The pushback against the Royal Commission has already begun. Submissions are arguing over the semantics of their breaches. For example, AMP admits it lied to ASIC seven times, but takes offence that it is alleged to have lied 20 times. Westpac admits that one of its advisers engaged in misconduct when he advised a couple to sell their family home to establish an SMSF, accepting he may have breached the Corporations Act. But the bank submits to the Commission that:
“While the advice was plainly inadequate, there is no basis to conclude that it involved either deliberate misconduct or dishonest conduct.”
That, in a nutshell, is the problem. The advice was inadequate so, by definition, the client has suffered. To the public whether that suffering stems from incompetence, dishonesty or failure to follow process is irrelevant. A bank did someone harm and seems tone-deaf to that harm.
Regulation not only inevitable but necessary
It’s not surprising that people don’t trust the industry because it is unworthy of being trusted. It gives bad advice. It refuses to accept responsibility for its actions. Left alone it will sacrifice clients to its own self-interests.
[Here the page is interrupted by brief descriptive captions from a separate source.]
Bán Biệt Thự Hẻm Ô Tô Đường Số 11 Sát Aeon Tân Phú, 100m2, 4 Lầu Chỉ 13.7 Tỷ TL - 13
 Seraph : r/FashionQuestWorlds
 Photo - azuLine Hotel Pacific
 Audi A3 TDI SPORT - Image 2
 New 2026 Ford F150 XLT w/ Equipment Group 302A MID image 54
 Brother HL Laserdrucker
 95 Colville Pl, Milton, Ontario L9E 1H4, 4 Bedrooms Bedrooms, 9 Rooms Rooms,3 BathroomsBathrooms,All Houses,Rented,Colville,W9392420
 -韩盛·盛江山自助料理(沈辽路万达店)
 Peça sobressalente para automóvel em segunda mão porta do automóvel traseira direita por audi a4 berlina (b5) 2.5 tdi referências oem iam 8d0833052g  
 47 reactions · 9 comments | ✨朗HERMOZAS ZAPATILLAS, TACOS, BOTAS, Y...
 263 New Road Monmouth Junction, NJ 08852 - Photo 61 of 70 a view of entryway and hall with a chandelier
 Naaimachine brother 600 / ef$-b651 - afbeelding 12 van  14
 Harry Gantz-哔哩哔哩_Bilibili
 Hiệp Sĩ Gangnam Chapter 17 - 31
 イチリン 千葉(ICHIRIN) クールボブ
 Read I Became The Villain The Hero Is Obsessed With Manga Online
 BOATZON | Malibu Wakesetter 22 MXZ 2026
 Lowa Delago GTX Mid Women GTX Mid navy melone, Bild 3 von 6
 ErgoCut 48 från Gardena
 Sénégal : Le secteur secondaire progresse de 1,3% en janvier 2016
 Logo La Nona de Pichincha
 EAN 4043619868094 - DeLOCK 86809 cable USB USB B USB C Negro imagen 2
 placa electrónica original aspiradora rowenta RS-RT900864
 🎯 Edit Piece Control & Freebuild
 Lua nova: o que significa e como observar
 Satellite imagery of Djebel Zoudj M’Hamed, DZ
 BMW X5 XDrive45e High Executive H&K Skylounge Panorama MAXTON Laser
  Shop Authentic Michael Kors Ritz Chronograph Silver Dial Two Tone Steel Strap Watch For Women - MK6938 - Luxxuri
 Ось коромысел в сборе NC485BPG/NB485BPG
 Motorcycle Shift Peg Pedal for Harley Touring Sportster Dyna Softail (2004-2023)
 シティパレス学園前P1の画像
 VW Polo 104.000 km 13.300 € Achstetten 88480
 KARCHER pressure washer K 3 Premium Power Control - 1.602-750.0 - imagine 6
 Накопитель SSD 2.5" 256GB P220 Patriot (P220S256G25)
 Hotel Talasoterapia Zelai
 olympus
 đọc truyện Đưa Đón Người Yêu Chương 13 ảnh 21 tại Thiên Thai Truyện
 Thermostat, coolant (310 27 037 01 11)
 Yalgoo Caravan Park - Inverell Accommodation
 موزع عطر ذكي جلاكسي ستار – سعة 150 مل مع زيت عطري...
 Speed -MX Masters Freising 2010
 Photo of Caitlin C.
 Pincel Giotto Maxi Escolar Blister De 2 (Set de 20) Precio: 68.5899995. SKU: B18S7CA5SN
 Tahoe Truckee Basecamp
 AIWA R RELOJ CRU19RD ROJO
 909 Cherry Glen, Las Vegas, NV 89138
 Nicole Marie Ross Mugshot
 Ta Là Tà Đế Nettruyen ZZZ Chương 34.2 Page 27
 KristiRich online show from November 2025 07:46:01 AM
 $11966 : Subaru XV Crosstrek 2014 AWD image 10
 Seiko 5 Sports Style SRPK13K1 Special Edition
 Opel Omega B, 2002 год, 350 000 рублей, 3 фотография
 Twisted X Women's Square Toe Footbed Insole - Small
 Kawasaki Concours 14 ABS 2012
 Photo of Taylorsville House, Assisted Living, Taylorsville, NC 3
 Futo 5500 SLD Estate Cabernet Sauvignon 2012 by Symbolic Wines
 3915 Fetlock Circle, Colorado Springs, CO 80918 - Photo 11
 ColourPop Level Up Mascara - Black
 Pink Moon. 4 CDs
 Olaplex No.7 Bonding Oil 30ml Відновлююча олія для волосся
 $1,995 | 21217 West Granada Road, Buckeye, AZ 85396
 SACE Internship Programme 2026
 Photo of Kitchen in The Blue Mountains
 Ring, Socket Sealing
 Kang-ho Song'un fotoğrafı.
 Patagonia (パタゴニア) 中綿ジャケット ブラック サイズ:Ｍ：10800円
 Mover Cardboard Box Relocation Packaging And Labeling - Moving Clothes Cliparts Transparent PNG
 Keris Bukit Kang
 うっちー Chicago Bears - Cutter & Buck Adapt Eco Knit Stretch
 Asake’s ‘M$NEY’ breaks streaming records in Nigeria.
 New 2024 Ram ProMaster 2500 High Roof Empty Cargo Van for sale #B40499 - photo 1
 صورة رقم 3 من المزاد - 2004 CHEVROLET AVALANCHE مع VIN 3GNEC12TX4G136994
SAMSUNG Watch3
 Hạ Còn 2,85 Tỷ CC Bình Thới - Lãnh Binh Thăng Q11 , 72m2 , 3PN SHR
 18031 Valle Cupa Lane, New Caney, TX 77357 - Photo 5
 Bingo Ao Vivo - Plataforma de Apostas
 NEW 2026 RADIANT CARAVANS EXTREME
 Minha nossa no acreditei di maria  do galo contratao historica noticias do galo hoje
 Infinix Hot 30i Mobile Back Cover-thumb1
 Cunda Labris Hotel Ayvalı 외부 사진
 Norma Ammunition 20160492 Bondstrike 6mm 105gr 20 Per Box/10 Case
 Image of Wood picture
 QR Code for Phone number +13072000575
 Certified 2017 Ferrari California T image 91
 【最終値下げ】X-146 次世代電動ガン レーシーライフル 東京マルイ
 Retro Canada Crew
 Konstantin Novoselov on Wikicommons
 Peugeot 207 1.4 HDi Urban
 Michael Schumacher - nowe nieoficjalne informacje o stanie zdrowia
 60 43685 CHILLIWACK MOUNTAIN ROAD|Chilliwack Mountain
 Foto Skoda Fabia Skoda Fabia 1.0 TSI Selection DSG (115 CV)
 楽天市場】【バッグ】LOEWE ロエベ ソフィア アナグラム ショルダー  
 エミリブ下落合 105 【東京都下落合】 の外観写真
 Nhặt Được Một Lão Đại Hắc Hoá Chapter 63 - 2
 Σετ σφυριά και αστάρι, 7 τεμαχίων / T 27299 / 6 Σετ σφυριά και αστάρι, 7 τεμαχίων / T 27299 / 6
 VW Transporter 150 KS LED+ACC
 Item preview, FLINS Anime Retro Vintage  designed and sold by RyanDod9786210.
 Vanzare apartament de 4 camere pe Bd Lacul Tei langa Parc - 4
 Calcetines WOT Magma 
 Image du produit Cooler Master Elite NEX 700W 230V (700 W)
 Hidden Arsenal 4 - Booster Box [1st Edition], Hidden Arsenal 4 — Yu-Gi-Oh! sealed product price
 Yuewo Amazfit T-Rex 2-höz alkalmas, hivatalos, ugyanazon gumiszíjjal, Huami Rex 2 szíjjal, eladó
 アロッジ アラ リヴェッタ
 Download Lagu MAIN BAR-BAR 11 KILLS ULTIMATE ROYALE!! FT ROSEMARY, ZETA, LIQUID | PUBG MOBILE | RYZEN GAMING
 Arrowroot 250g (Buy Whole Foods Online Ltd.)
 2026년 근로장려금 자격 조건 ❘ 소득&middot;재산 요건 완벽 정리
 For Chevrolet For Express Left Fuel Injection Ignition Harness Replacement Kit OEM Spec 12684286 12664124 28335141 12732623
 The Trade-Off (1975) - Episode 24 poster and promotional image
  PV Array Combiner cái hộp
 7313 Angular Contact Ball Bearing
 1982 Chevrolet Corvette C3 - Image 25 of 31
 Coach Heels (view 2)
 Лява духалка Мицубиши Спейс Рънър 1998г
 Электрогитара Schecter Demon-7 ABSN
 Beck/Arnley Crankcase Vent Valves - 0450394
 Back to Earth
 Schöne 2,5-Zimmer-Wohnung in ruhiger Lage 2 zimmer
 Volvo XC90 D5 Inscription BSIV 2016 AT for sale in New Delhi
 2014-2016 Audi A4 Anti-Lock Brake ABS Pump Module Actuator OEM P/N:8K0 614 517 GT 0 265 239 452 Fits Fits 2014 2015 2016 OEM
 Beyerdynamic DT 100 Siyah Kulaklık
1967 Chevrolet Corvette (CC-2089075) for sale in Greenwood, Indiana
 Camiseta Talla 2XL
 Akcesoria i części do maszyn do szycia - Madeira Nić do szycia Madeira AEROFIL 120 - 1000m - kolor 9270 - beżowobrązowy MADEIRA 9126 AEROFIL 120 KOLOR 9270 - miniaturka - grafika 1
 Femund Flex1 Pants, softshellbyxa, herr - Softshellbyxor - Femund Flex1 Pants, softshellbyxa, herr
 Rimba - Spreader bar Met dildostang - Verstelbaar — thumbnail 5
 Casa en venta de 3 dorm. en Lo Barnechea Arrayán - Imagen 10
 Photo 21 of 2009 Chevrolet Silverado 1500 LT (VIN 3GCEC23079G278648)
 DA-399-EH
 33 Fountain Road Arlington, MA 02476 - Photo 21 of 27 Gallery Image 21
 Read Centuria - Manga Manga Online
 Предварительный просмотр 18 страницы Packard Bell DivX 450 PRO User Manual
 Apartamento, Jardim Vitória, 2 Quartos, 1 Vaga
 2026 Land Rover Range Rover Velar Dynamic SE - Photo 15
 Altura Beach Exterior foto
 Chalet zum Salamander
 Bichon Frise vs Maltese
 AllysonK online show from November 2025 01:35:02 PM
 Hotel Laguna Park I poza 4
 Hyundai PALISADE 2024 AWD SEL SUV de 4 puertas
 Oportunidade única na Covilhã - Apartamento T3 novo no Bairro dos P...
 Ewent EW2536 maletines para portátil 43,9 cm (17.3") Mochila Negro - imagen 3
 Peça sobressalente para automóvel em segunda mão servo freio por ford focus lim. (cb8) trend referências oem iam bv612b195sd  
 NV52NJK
So the answer is not to leave it alone. Tie up its hands in regulations that force it to act responsibly. Give the job of oversight and prosecution to a regulator who is not afraid to do it. And impose harsh financial penalties at both the corporate and personal levels.
That’s what the UK did. For decades the Brits were doing just as bad as us, or even worse. When these mis-selling scandals finally blew up, justice was delivered to customers who got tens of billions of pounds in compensation. Some industry players did not survive to endure tough new rules that mandate that only ‘suitable’ financial products can be sold. The suitability criteria are specific and strict. Non-compliance can see a UK business fined 10% of its turnover, while individuals can be fined up to 5 million euros.
It’s not just advisers who are on the hook. Fund managers and financial product providers are to be held equally culpable for mis-selling. Product providers must now design products for specific market segments, know who is buying the product and have methods to ensure it is, indeed, suitable for that specific buyer. This can’t be done by proxy through an adviser. The product issuer and customer must now have direct, independent relationships.
And this could all soon be coming to Australia!
The Australian Treasury circulated a draft of regulations similar to the UK’s, which are modelled from the European Union rules. If the political will was there (always a questionable assumption) these new rules could be in place quickly, hopefully enforced by an inspired regulator.